* _Source material_
··········

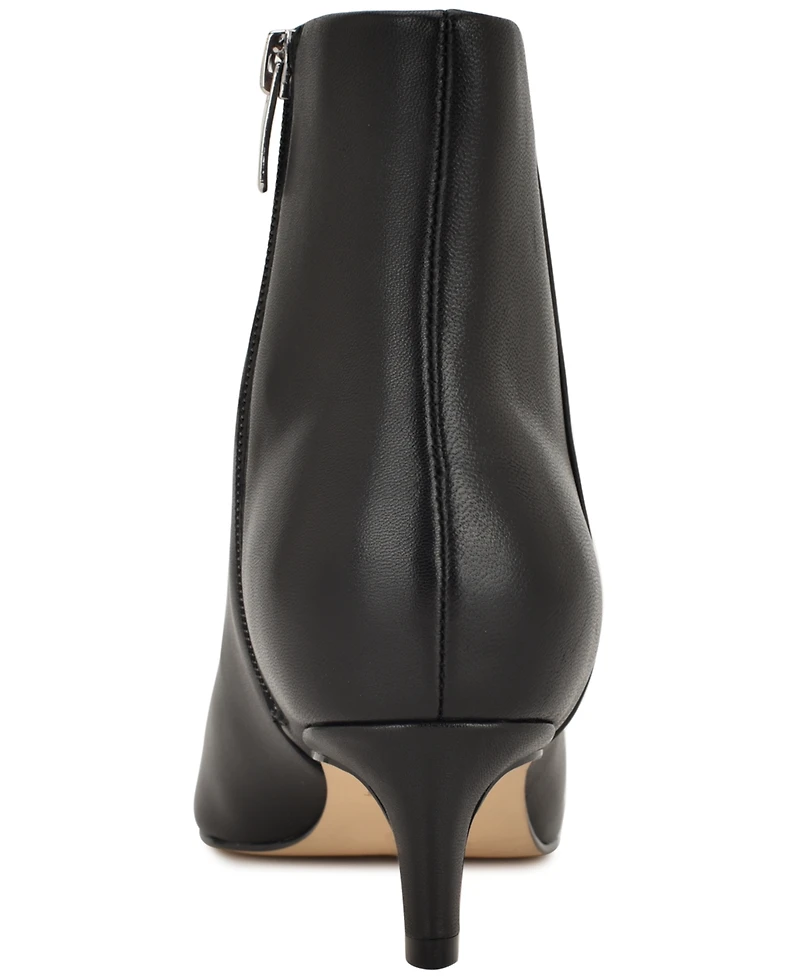 Nine West Women's Brite Kitten Heel Dress Booties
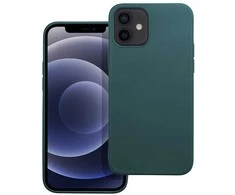 Oem Matinis dėklas IPHONE 12 tamsiai žalias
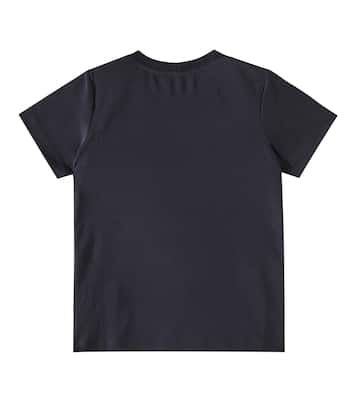 T-Shirt aus Baumwoll-Jersey | Loro Piana Kids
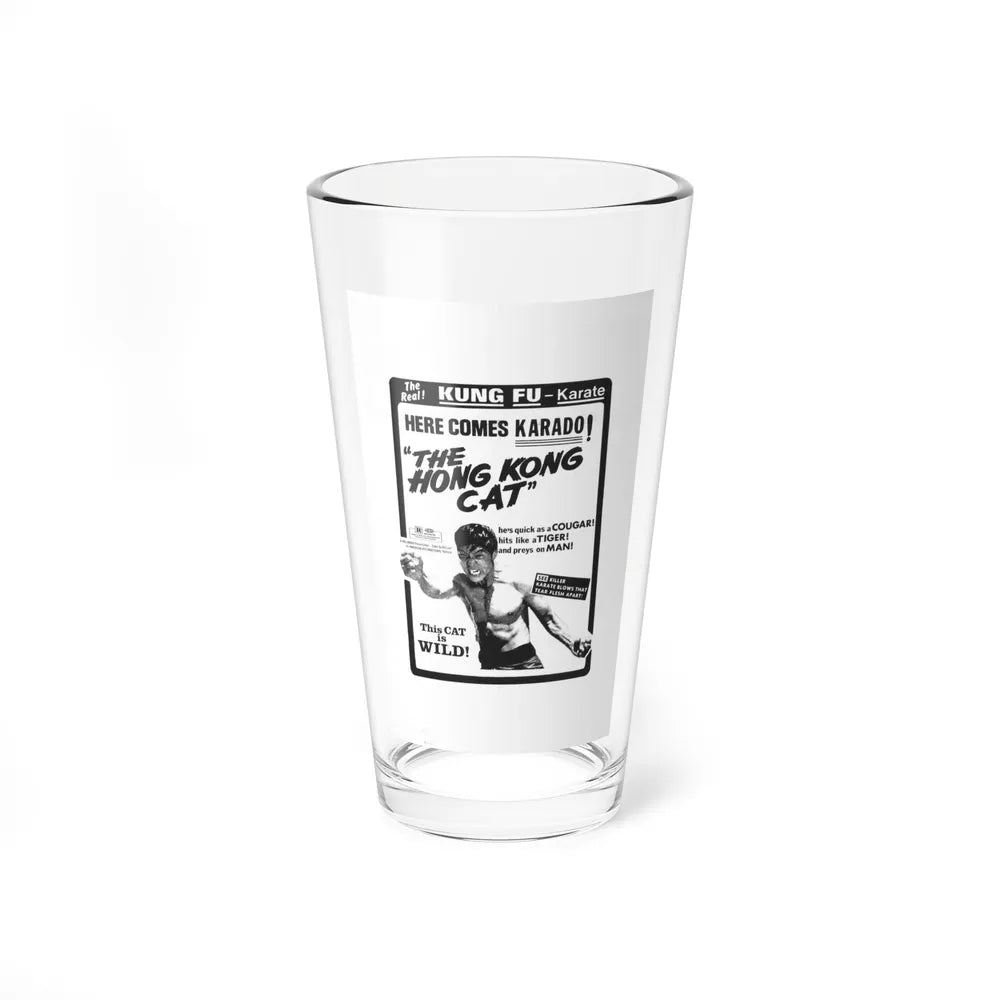 THE HONG KONG CAT 1973 Movie Poster - Pint Glass 16oz-16oz-Go Mug Yourself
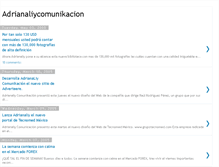 Tablet Screenshot of adrianaliycomunikacion.blogspot.com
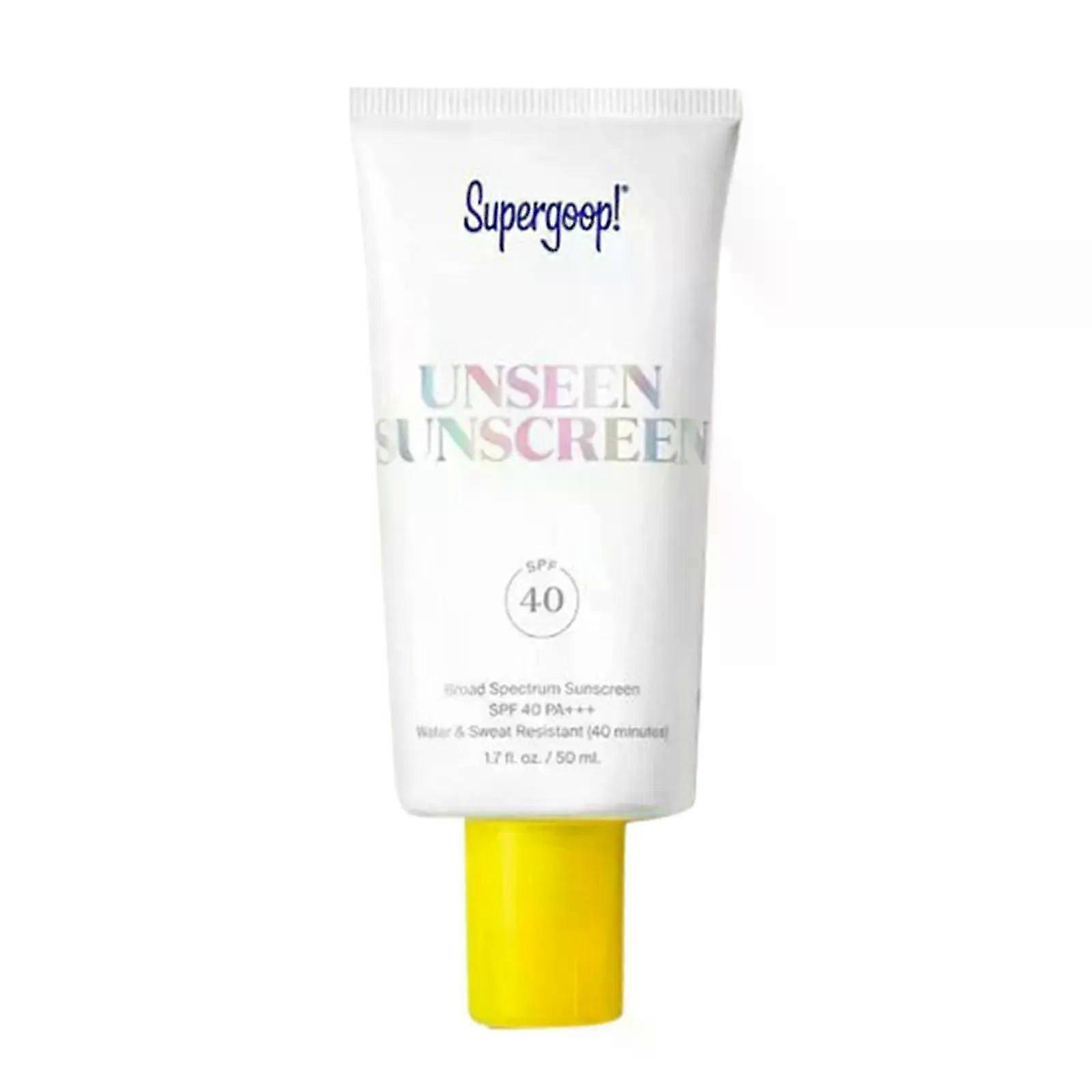 2025 Crema solare rinfrescante UV non grassa per uomini e donne 50 ml
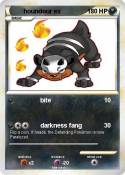 houndour ex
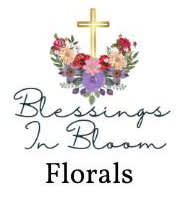 Blessings in Bloom Florals Logo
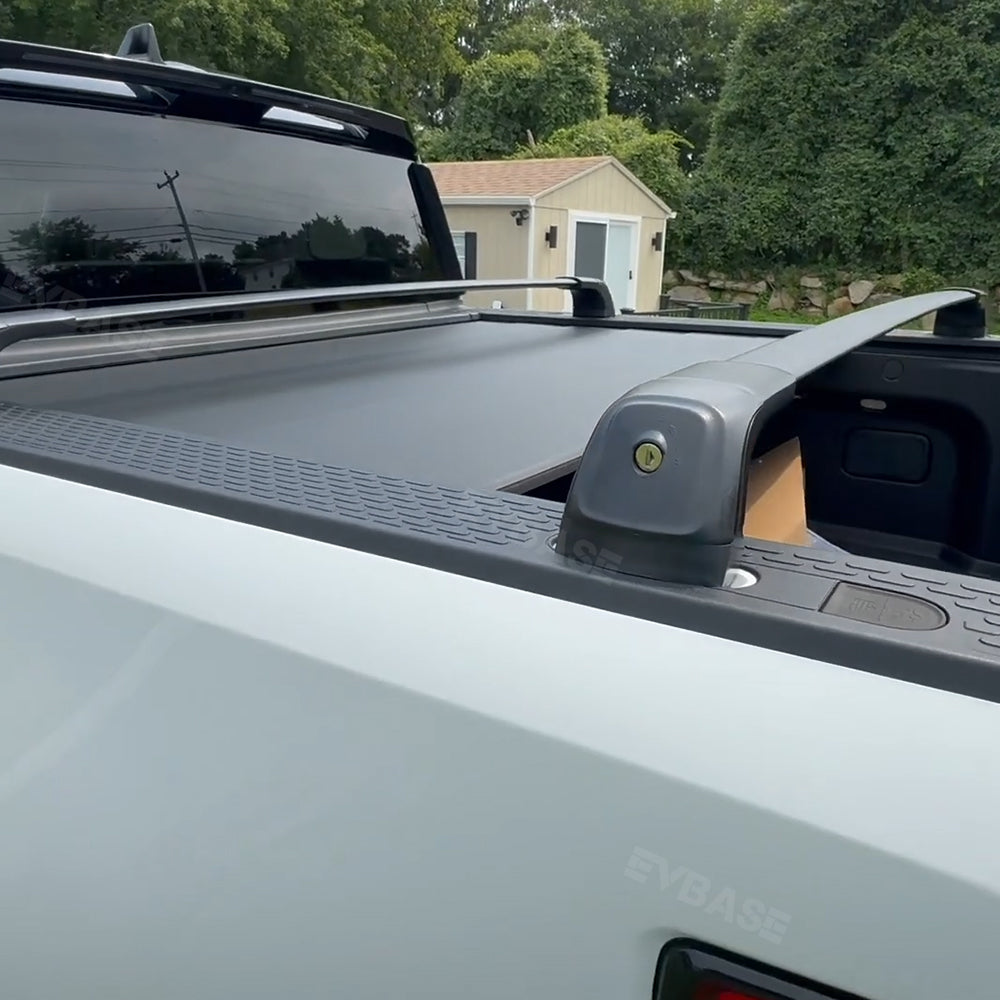 Cargo Crossbars for R1T/R1S Roof Rack Lockable Rooftop Luggage Rack 2pcs for Rivian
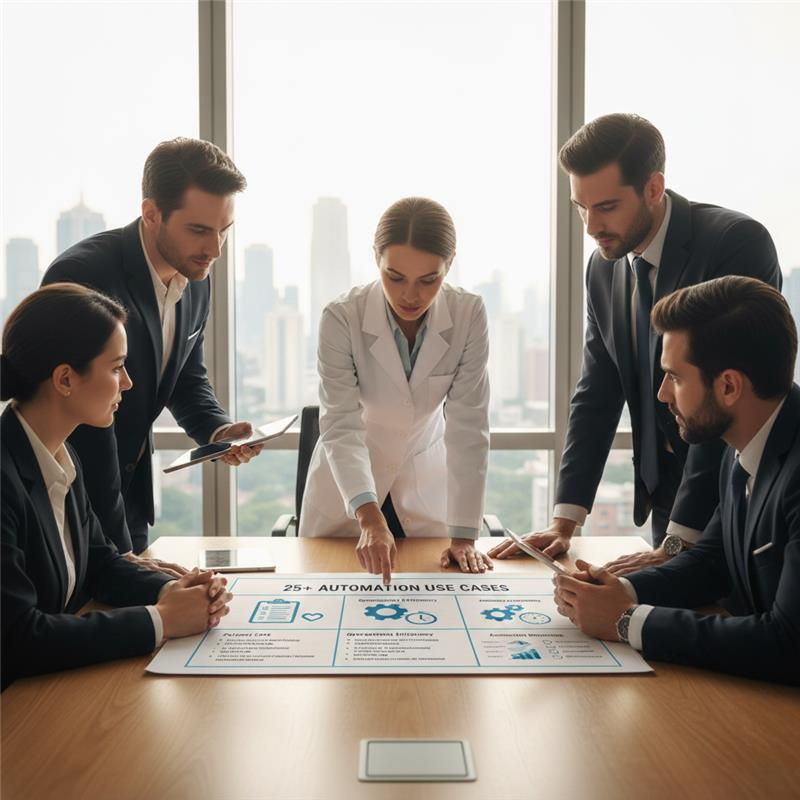 Automation Use Cases That Improved Patient Care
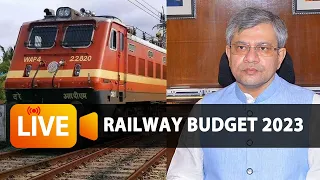 🔴LIVE On Railway Budget | Minister Ashwini Vaishnaw Briefs Media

··········

What is needed is an exact repetition of every line from the line with "Oem Matinis dėklas IPHONE 12 tamsiai žalias" to the end of the data above, both ends included, with no pictures.

 Oem Matinis dėklas IPHONE 12 tamsiai žalias
 T-Shirt aus Baumwoll-Jersey | Loro Piana Kids
 THE HONG KONG CAT 1973 Movie Poster - Pint Glass 16oz-16oz-Go Mug Yourself
 Tablet Screenshot of adrianaliycomunikacion.blogspot.com
 2025 Crema solare rinfrescante UV non grassa per uomini e donne 50 ml
 houndour ex
 Blessings in Bloom Florals Logo
 Cargo Crossbars for R1T/R1S Roof Rack Lockable Rooftop Luggage Rack 2pcs for Rivian
 Automation Use Cases That Improved Patient Care
 🔴LIVE On Railway Budget | Minister Ashwini Vaishnaw Briefs Media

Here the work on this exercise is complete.